Many employees at the T will be spared having their jobs outsourced for four years.

In a major milestone for the post-Snowpocalypse MBTA, officials and union leaders said Monday that the agency and the Carmen’s Union have reached a deal that will keep bus and train operators from losing their jobs to private contractors for the next four years.

An update to the contract that runs through 2021 assures the drivers, as well as many maintenance workers, that some of their worst fears about privatization—including the outsourcing of bus routes and bus upkeep to some private company offering to do it more cheaply—will not come to pass, at least for now.

James O’Brien, who heads the Carmen’s Union Local 589, says he is pleased with the result of the negotiations.

“We knew we wanted to be part of the solution,” O’Brien tells the State House News Service. “We’re glad that we were able to negotiate out of this privatization.

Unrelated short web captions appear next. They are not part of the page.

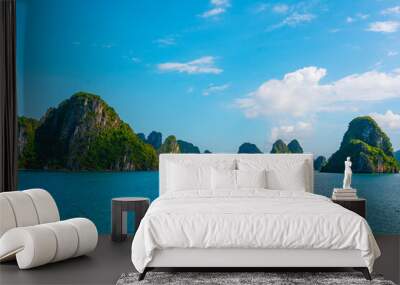 Beautiful view on tourist boats among limestone rocks of Ha Long Bay, Vietnam with bluesky. Wide Landscape view of Halong bay Wall mural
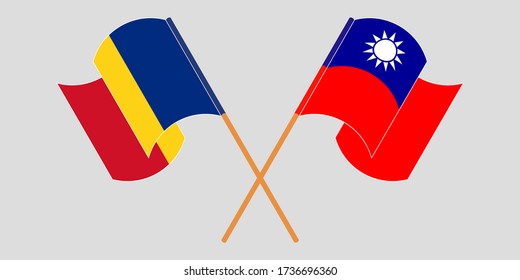 Crossed and waving flags of Romania and Taiwan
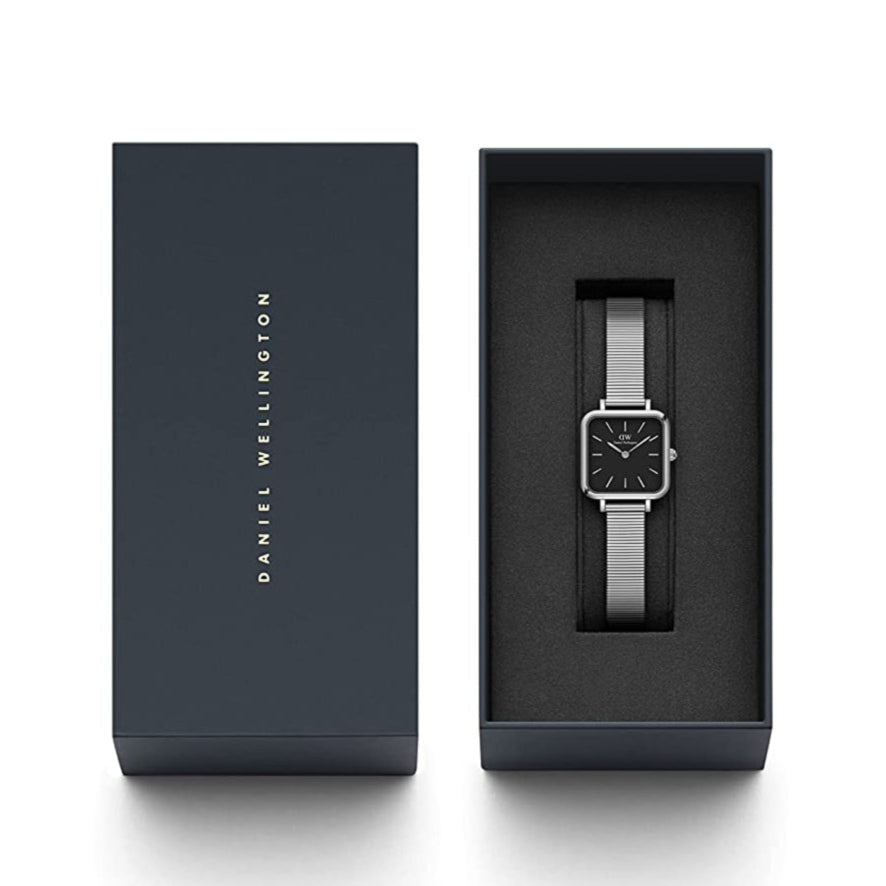  Shop Authentic Daniel Wellington Quadro Studio Black Dial Silver Mesh Strap Watch For Women - DW00100522 - Luxxuri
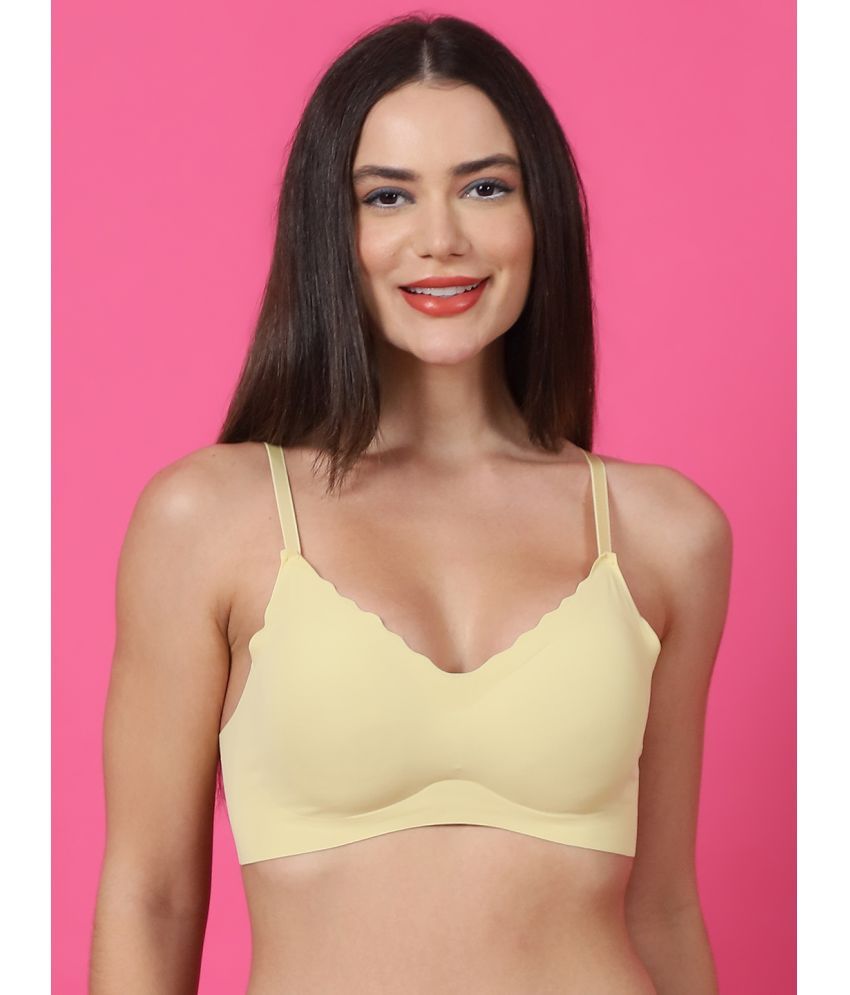     			PrettyCat Yellow Nylon Lightly Padded Women's Everyday Bra ( Pack of 1 )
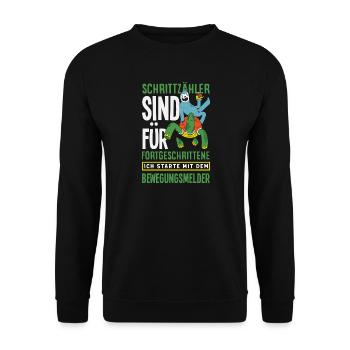 Pedometer? I use the motion detector - Unisex Sweatshirt - black - Front - Alina (178cm) & Michal (187cm)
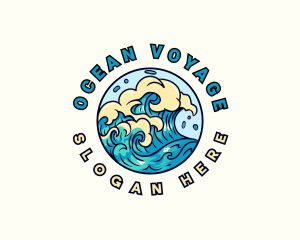 Ocean Wave Surfing logo design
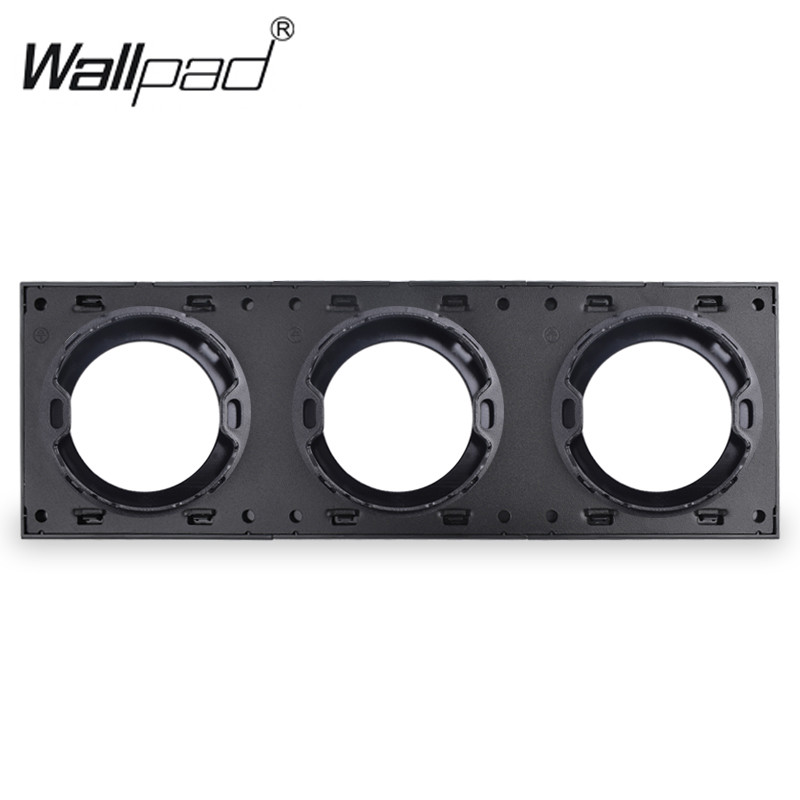 L6 DIY prilagodba Triple 3 Gang Siva staklena okvirna ploča za L6 zidne umetke za utičnice prekidača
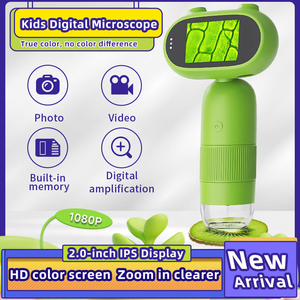 กล้องจุลทรรศน์พกพาสำหรับเด็ก หน้าจอ LCD LED ขนาด <span class=keywords><strong>2</strong></span> นิ้ว ความละเอียด 1080P กำลังขยาย 500 เท่า พร้อมไฟ LED 8 ดวง จากโรงงาน - Product Image 2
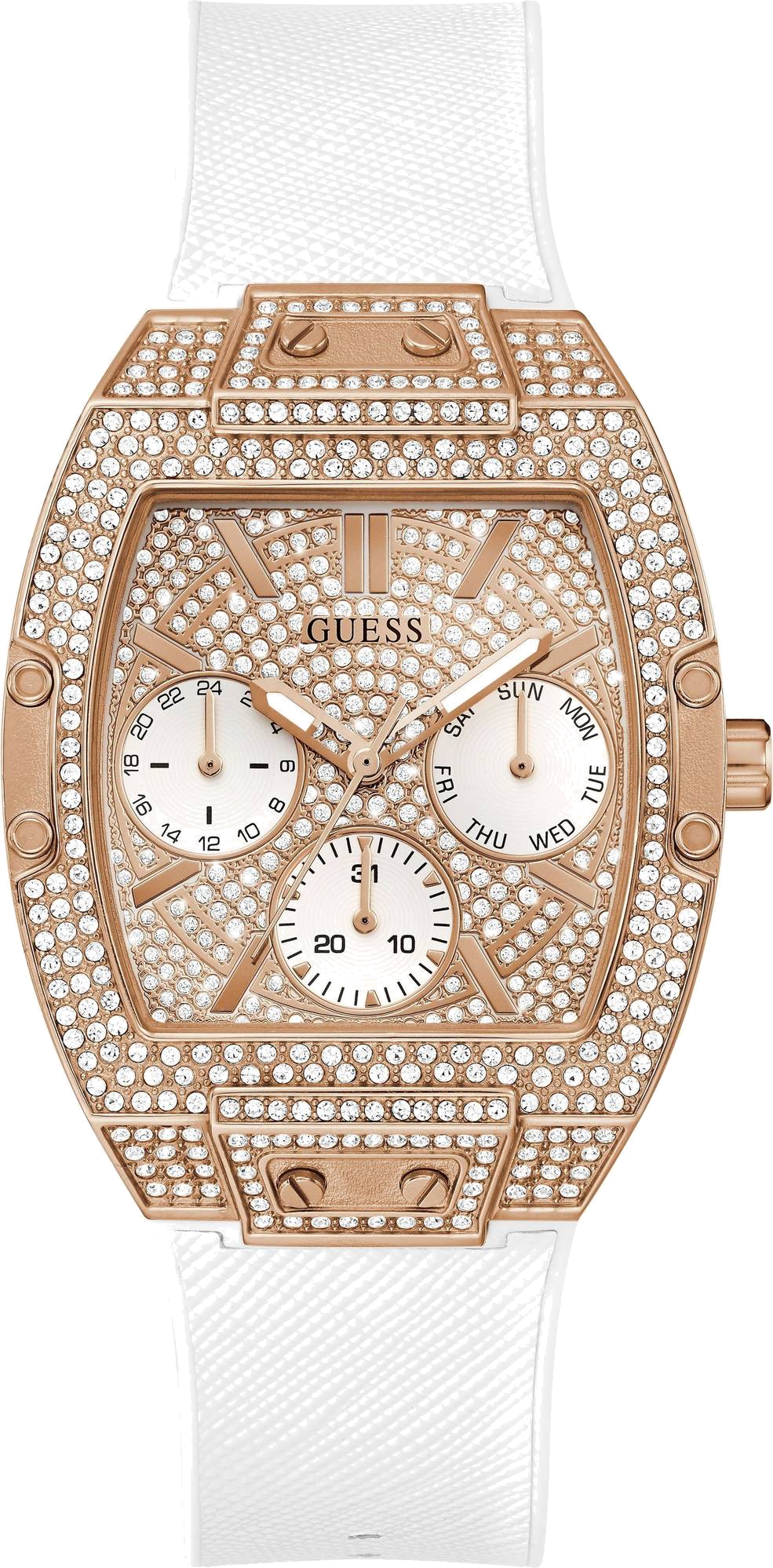 Montre Femme Guess Raven GW0105L3 bracelet silicone blanc boitier or rose orné de strass
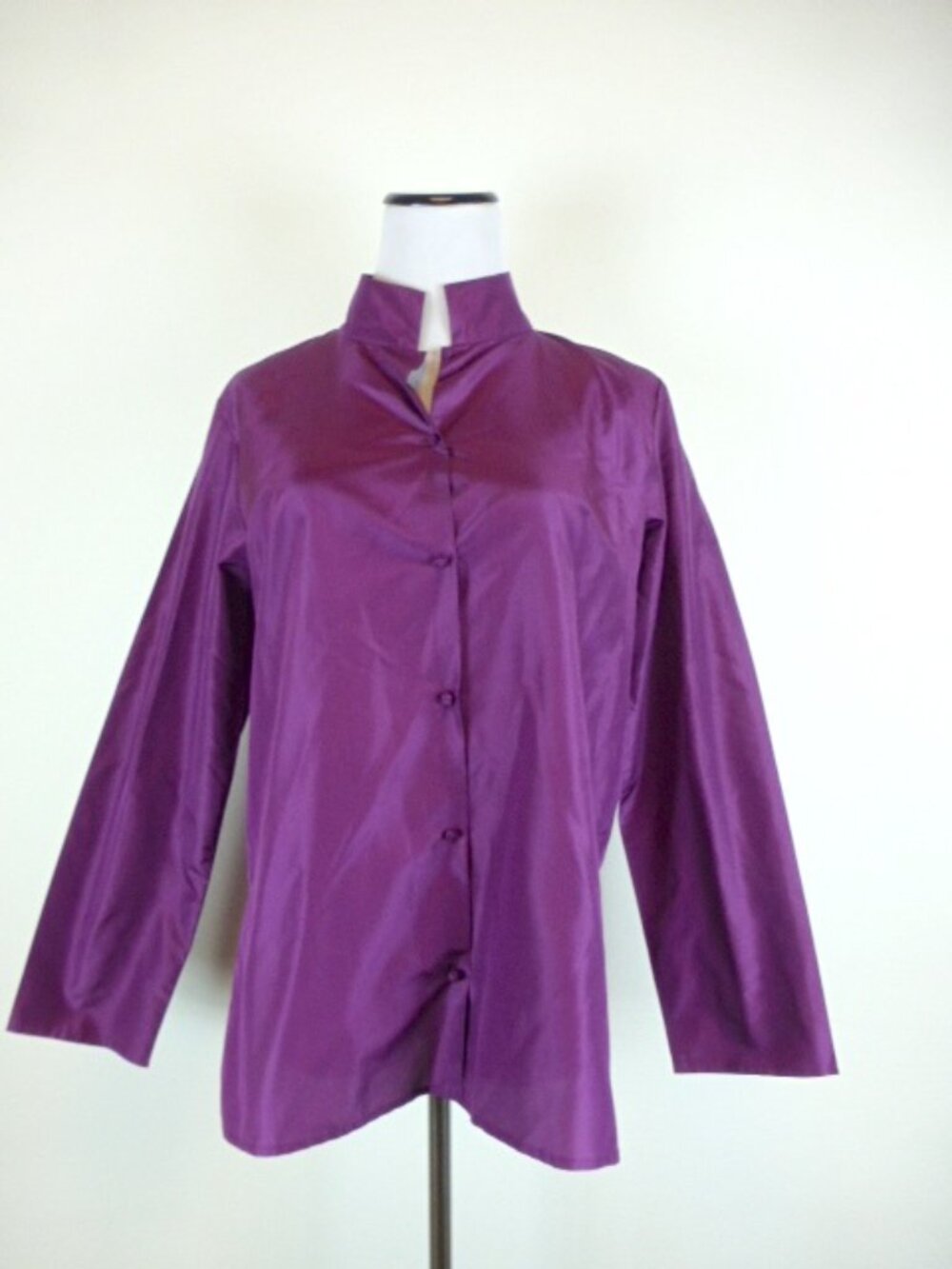 Eileen Fisher silk mandarinjacket top S purple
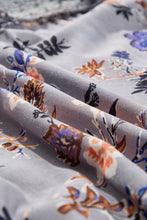 Load image into Gallery viewer, Sky Blue Floral Print Lace Patchwork Knot Front V Neck Blouse
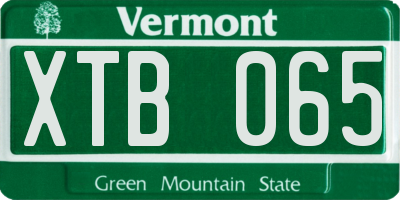 VT license plate XTB065
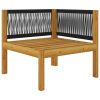 Patio Corner Sofas 2 pcs with Cushions Solid Acacia Wood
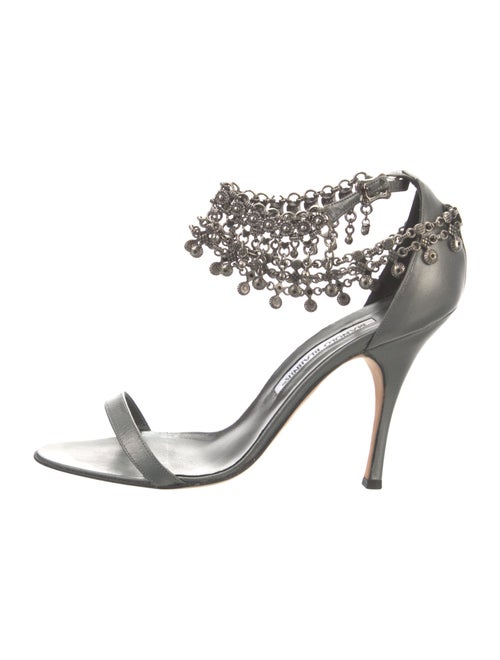 Manolo Blahnik Leather Chain-Link Accents Sandals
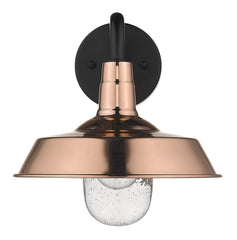Shiny Copper Shallow Plate Shape Wall Light - Homeroots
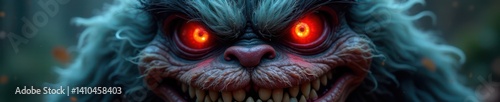 Furry red-eyed monster face close-up with shaggy fur and sharp teeth, felid features, creatures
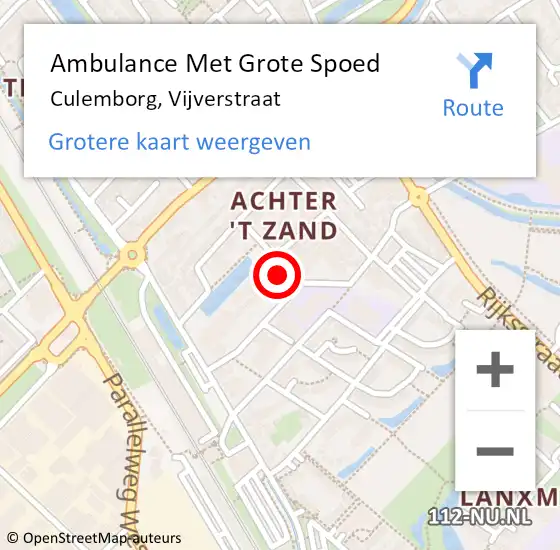 Locatie op kaart van de 112 melding: Ambulance Met Grote Spoed Naar Culemborg, Vijverstraat op 5 november 2015 17:34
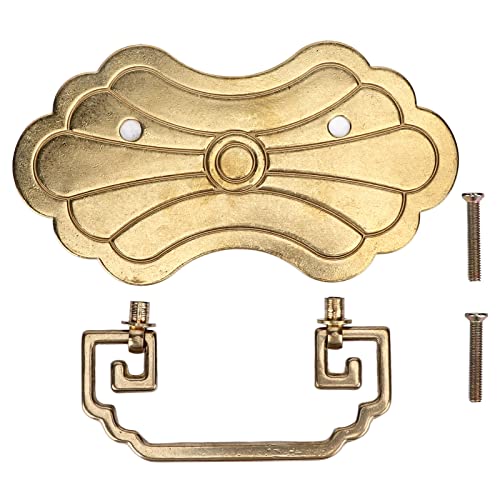Cabinet Handles Vintage Drawer Pulls Antique Drawer Handle Retro Chinese Style Brass with 2 Screws 12.8x7cm (Brass Color)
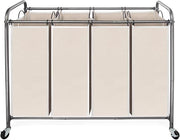 4-Bag Rolling Laundry Sorter Cart with Lockable Wheels & Removable Bags Beige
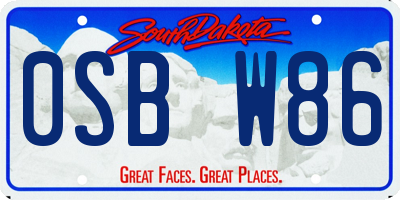 SD license plate 0SBW86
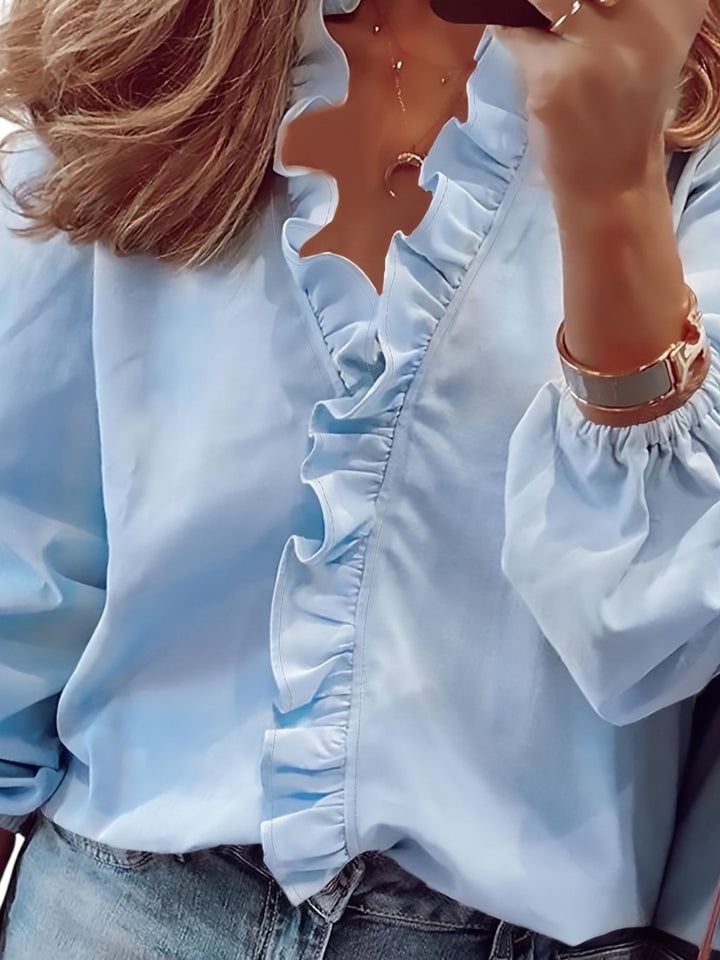 Angeline | Blouse à volants et col en V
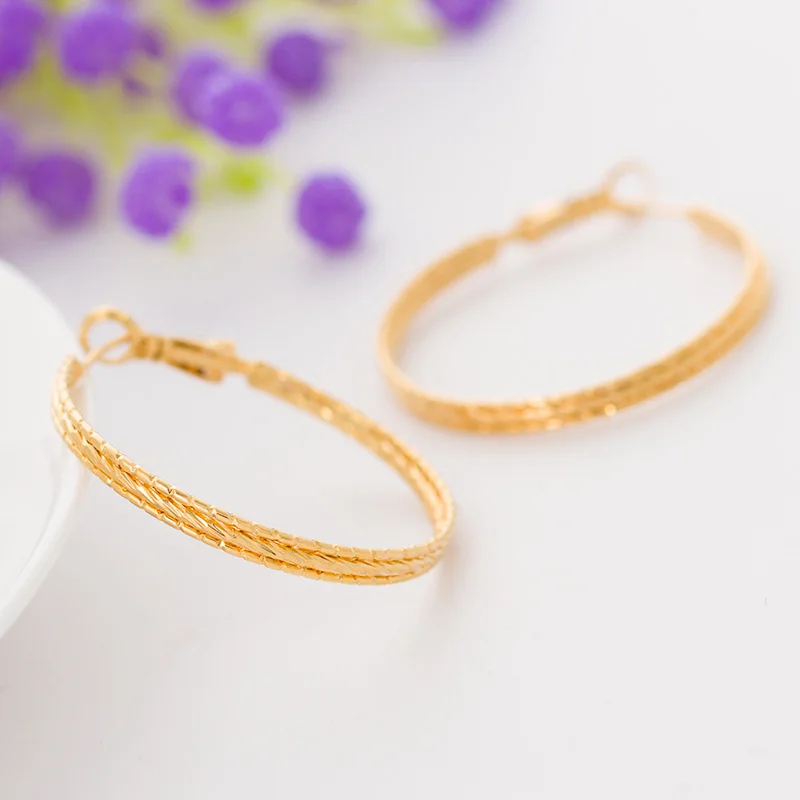 

Classic Three-Layer Round Jewelry18k Plated Lady Party Hoop Earrings for women large Loop Basketball wives earrings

It shows that through negotiation instead of privatization you can garner the same savings, if not more savings than you would have had.”

Details of the deal were made public at the T’s oversight board meeting Monday.

The union made concessions, as the $1.5 billion deal does not include a 2.5 percent wage increase that workers had hoped for next year. The drivers will be paid the same amount they make now through fiscal year 2018. Then, employees are slated to receive a 1.5 percent hike in 2018 and 2019 and a 2.5 percent hike in 2020, the Globe reports.

Also included in the agreement are other T overhauls, among them a new starting salary for new employees. The T will also update the way overtime hours are calculated, including enforcement of a new requirement that employees work more than 40 hours in a week in order to qualify.

MBTA Acting General Manager Brian Shortsleeve tells the State House News Service that the new contract saves an estimated $80 million over four years, $220 million over 10 years, and $750 million over 25 years.

“This is really about creating long-term financial viability for the T,” Transportation Secretary Stephanie Pollack told reporters, according to the News Service.

Privatization has been raised repeatedly during the administration of Gov. Charlie Baker, who has overseen belt-tightening and reform at the T since the devastating winter of 2015 exposed just how vulnerable the state’s public transit was to calamity.

Elsewhere at the T, privatization is moving forward. The MBTA’s board voted in October to replace Union laborers at its cash-counting operation with services from Brink’s, the home security company. Seven union workers were arrested earlier this year while protesting the move.

This is the second major vote of the T’s board in as many weeks to come with promises of multi-million dollar cost savings. A decision to increase the number of new Red Line trains it plans to purchase, officials say, could save as much as $40 million long-term.